The gameplay is great: it was insanely fun outsmarting the infected, circling around the clickers, burning the bloaters. Against those enemies, stealth really was a challenge and I had to manage my stress level (stalkers and runners were especially hard to deal with in the sewer); I'm convinced I would not be able to finish this game in permanent death as certain sequences took me 5-7 tries to do correctly (optimizing to use the least amount of gear or straight up surviving). It was really hard to aim well enough on a controller to be able to do headshot with consistency (this game with a controller and a mouse must feel like heaven to master).

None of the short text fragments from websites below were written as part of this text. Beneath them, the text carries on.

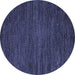 Round Abstract Blue Modern Rug, abs5479blu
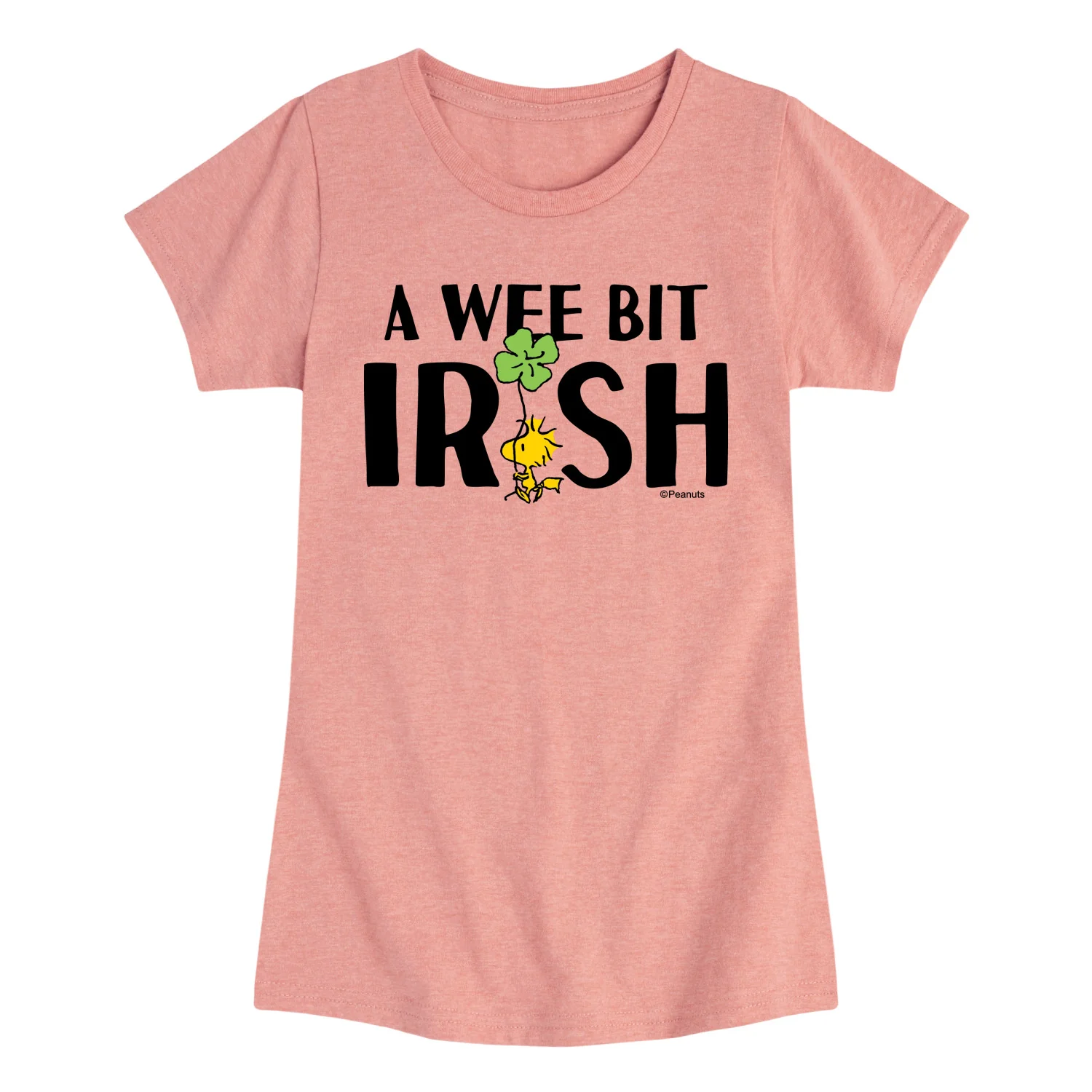 Peanuts - A Wee Bit Irish - Youth Girls Fitted Short Sleeve T-Shirt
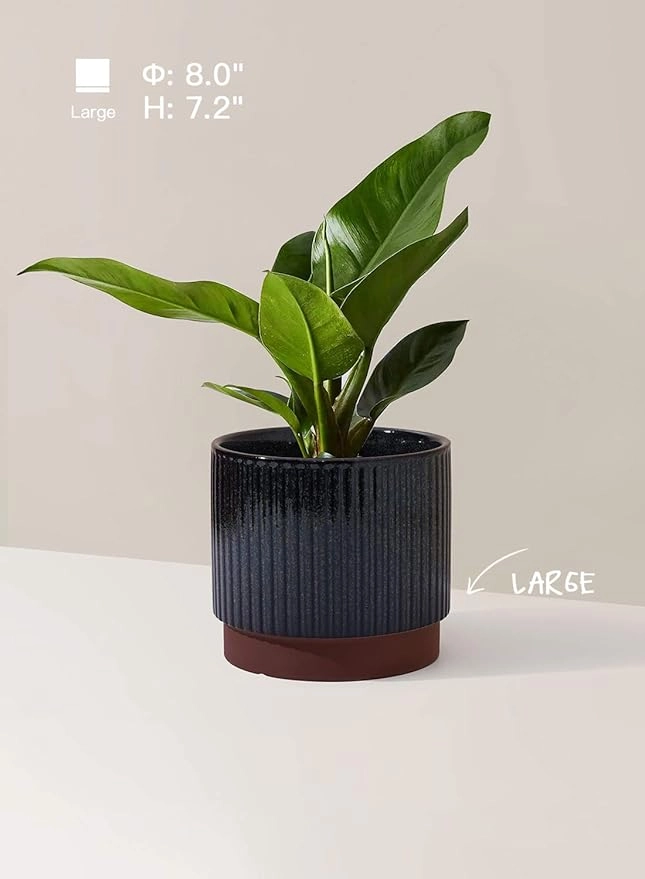 LE TAUCI Ceramic Plant Pots Set of 3 with Drainage, Reactive Glaze Black - Image 3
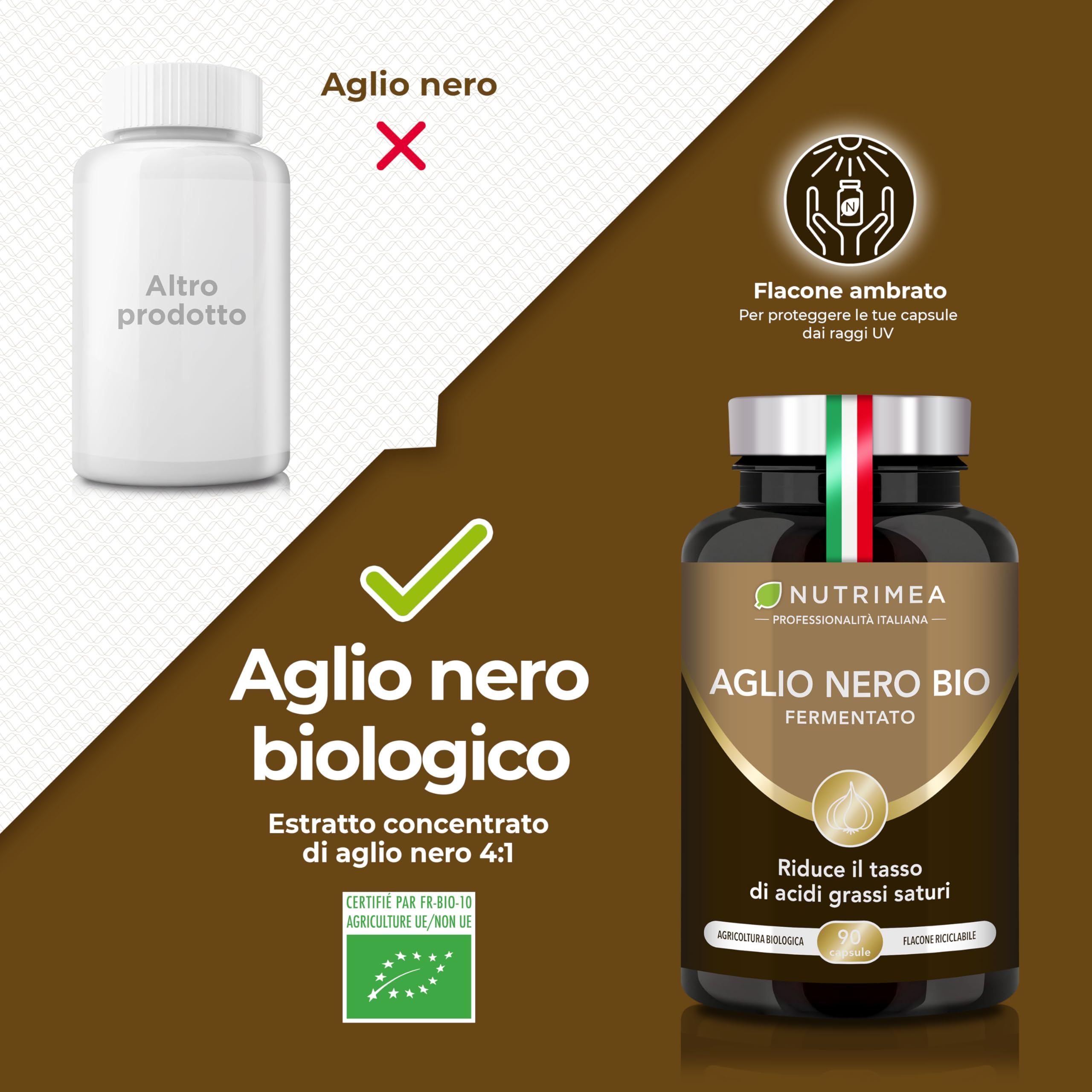 Aglio Nero Fermentato Biologico | Integratore Alimentare | 250 mg | Supporta la Circolazione | Antiossidante Naturale | 90 Capsule | Nutrimea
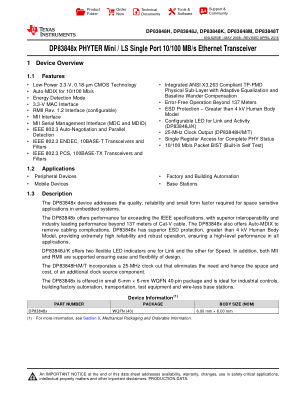 DP83848T datasheet cover page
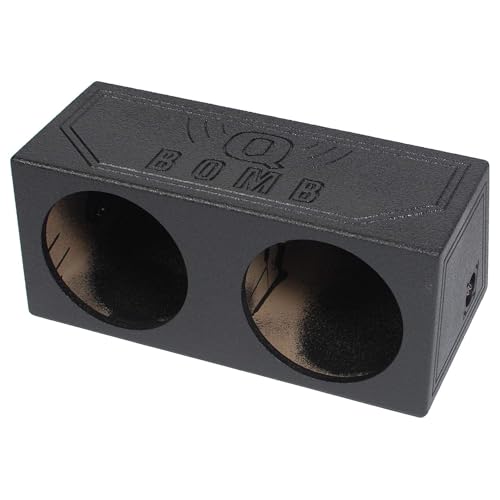 Q Power QBomb QBOMB12S Dual 12' Sealed Port Subwoofer Sub Box w/Bedliner Spray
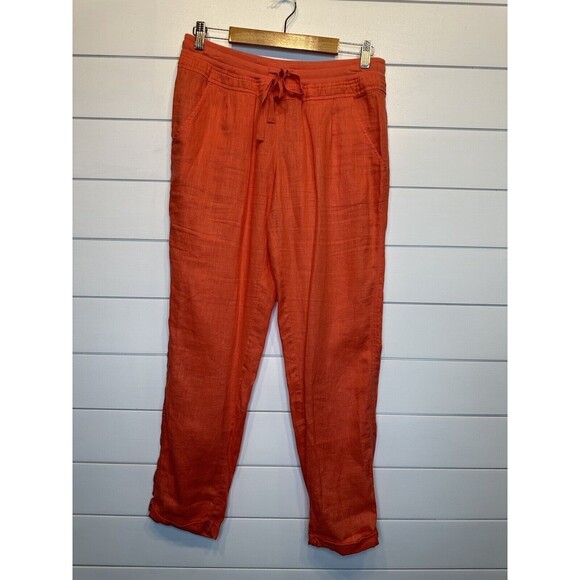 Victoria Secret Linen Pants Size 8 Orange Drawstring Pockets Cuffed 30"L Beach - Picture 9 of 9
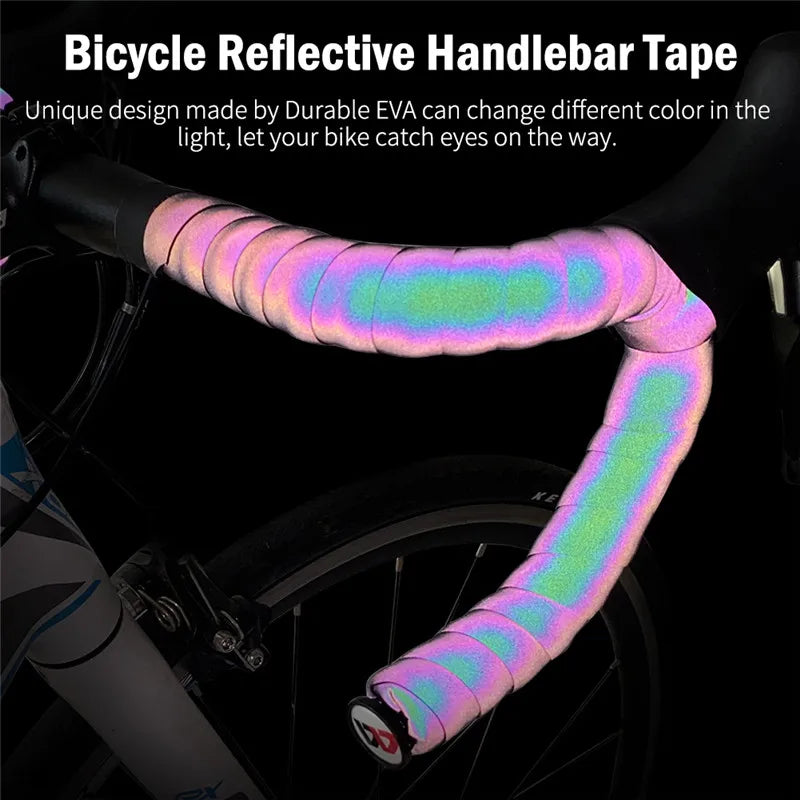 WEST BIKING Bicycle Handlebar Strap Reflective Discolor Bike Handlebar Tape Anti-slip Shock-absorption Handle Strap Cycling Part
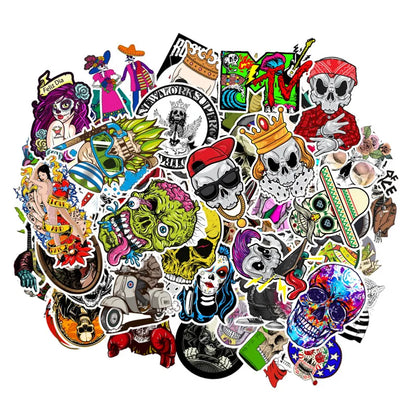 50PCS Skull Theme Decoration Graffiti Stickers Car Refrigerator Dead Fly Skateboard Waterproof Stickers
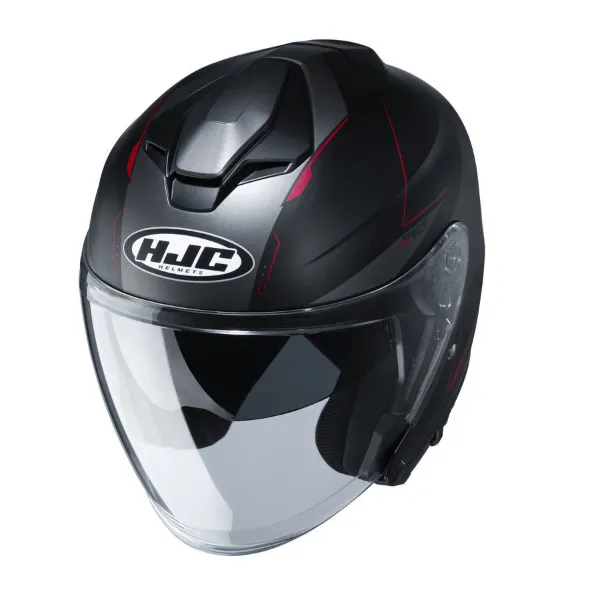 HJC İ30 Slight Yarım Motosiklet Kaskı Siyah Kırmızı resmi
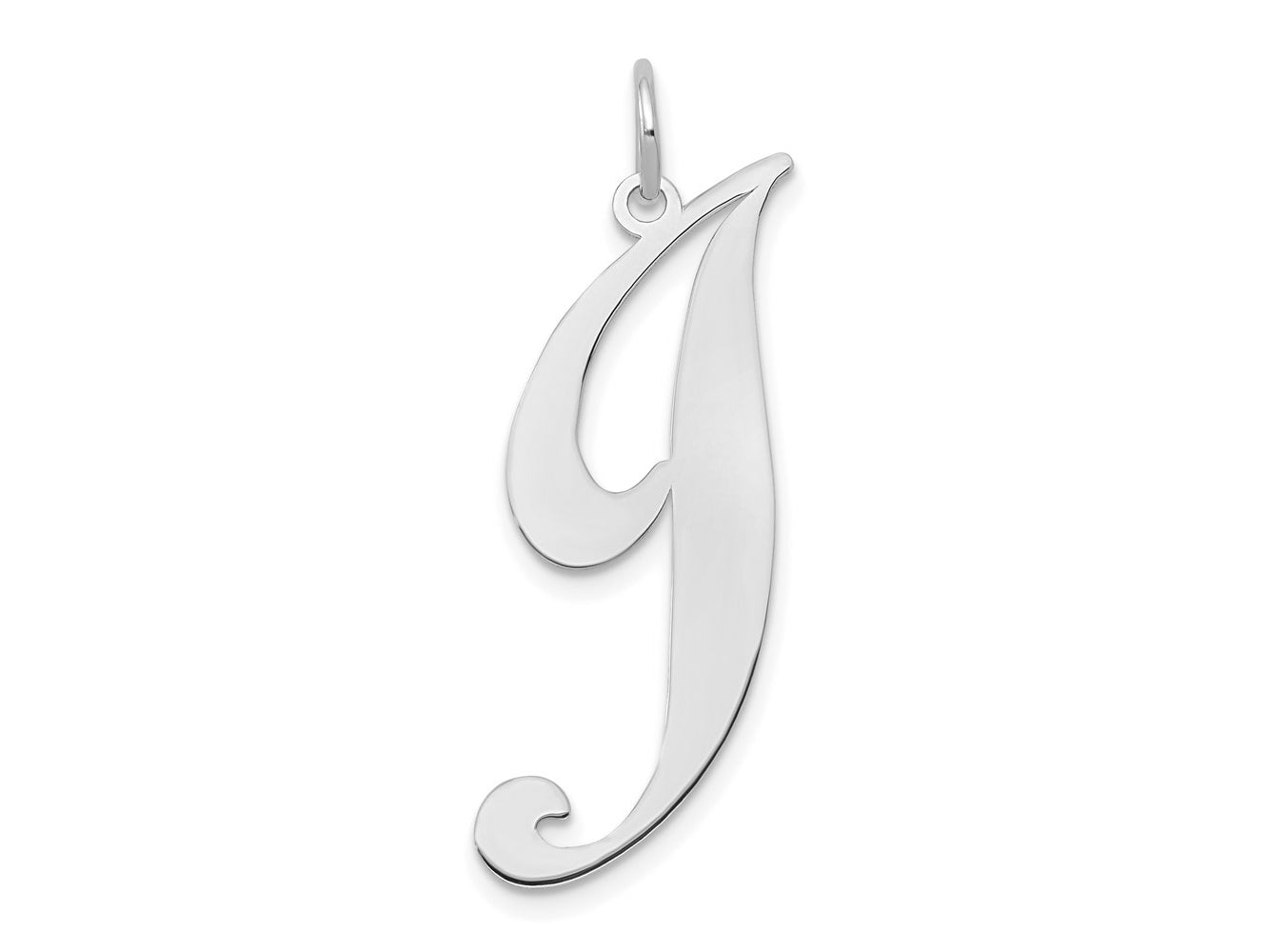 FJC Finejewelers 14 kt White Gold Large Fancy Script Letter J Initial Charm
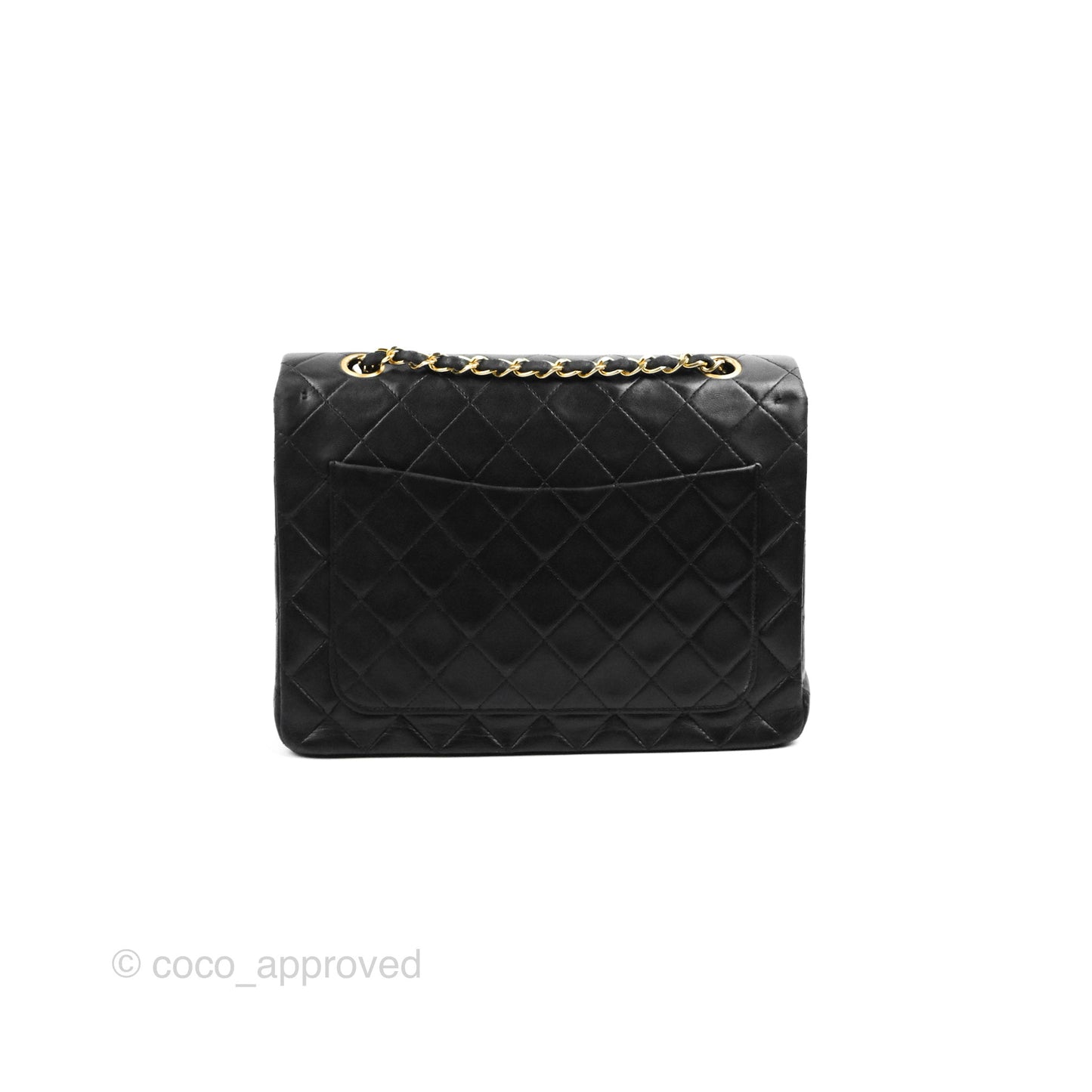 Chanel Vintage Square Flap Bag Black Lambskin 24K Gold Hardware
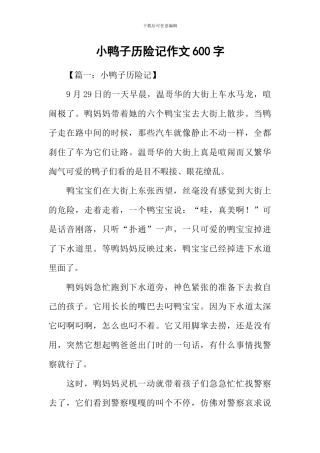 小鸭子历险记作文600字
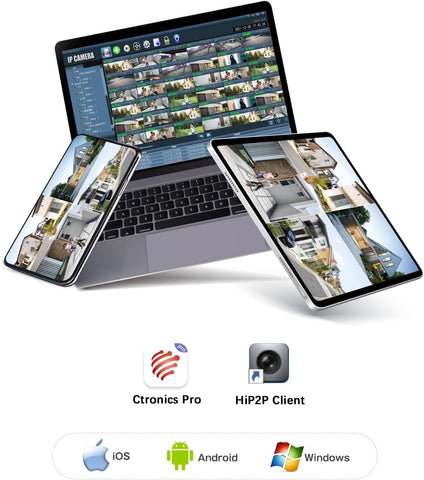 Caméra IP Extérieure 4K 8MP Ctronics – Zoom Optique 30X, Vision Nocturne 150M, IA Détection, 2,4/5GHz WiFi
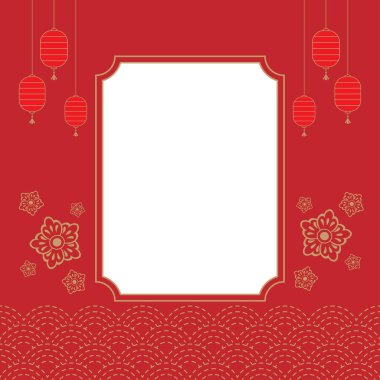 Kırmızı ve altın fener ve çiçek ve dalga Çin temalı arka plan şablonu boş pencere çerçevesi kopyalama alanı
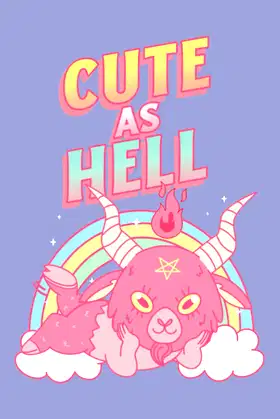 Notebook: Cute As Hell Baphomet poster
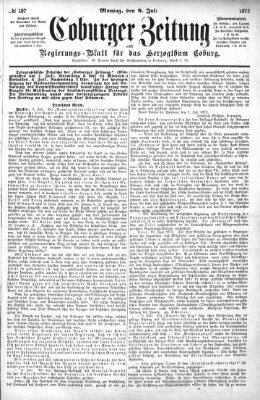 Coburger Zeitung Montag 8. Juli 1872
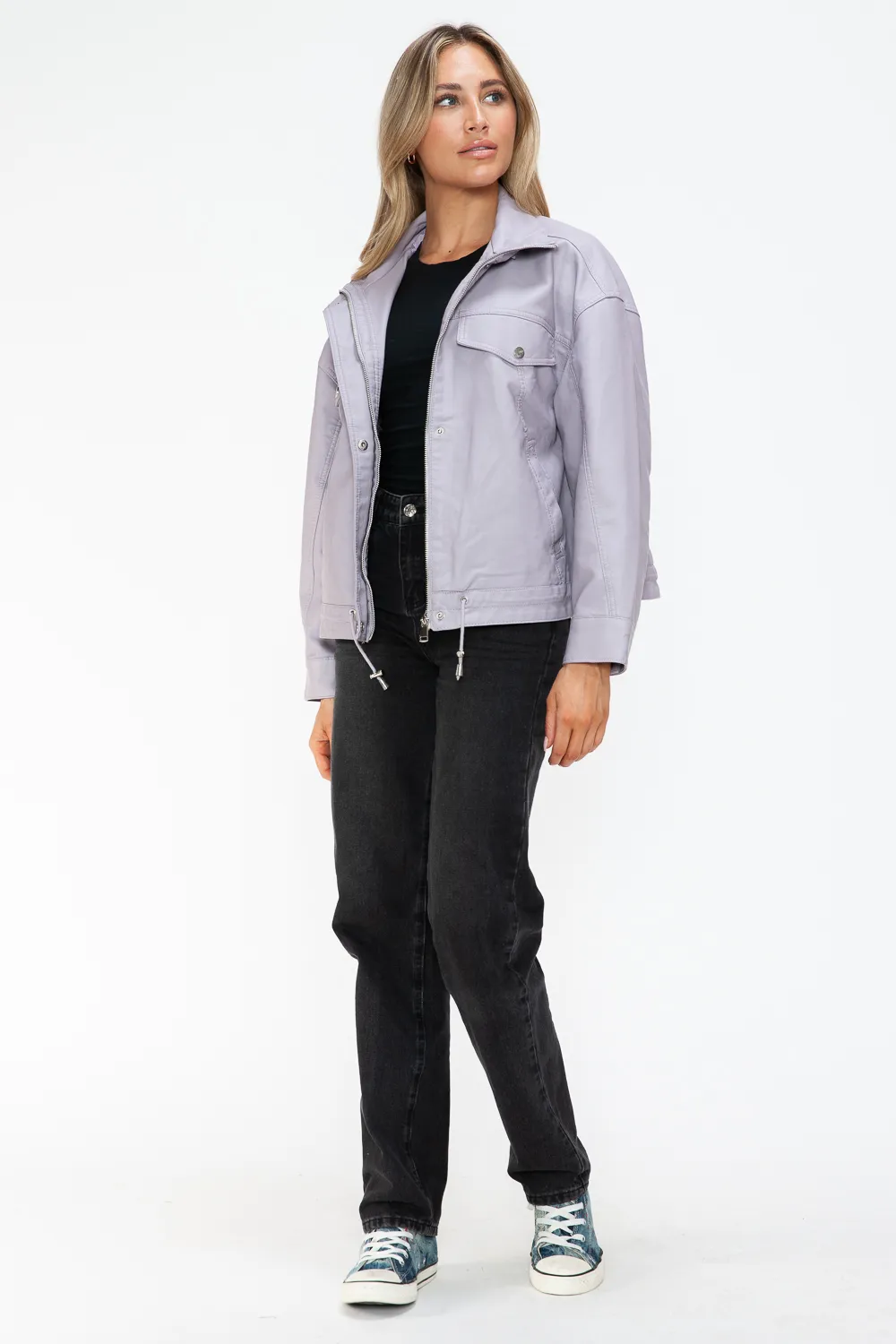 Drawstring Hem PU Leather Zip Up Jacket, image 22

Stealth against humans is way too easy though: you can easily never use your weapons and just throw a glass bottle against the wall, cleanup with a bomb or a Molotov, and you will never be punished when doing a stealthy kill if you take too long which basically means that shiv are useless for anything other than doors (I did not buy the ability to get off the grasp of clickers with shivs).

The hostage mechanic felt so cool, but I rarely used it because I felt like I couldn't afford to waste bullets because of the resource scarcity. I would have loved the game to be more punishing and to force me to spend my gear; I was never spotted and I am horrible at stealth (hello Cyberpunk 2077).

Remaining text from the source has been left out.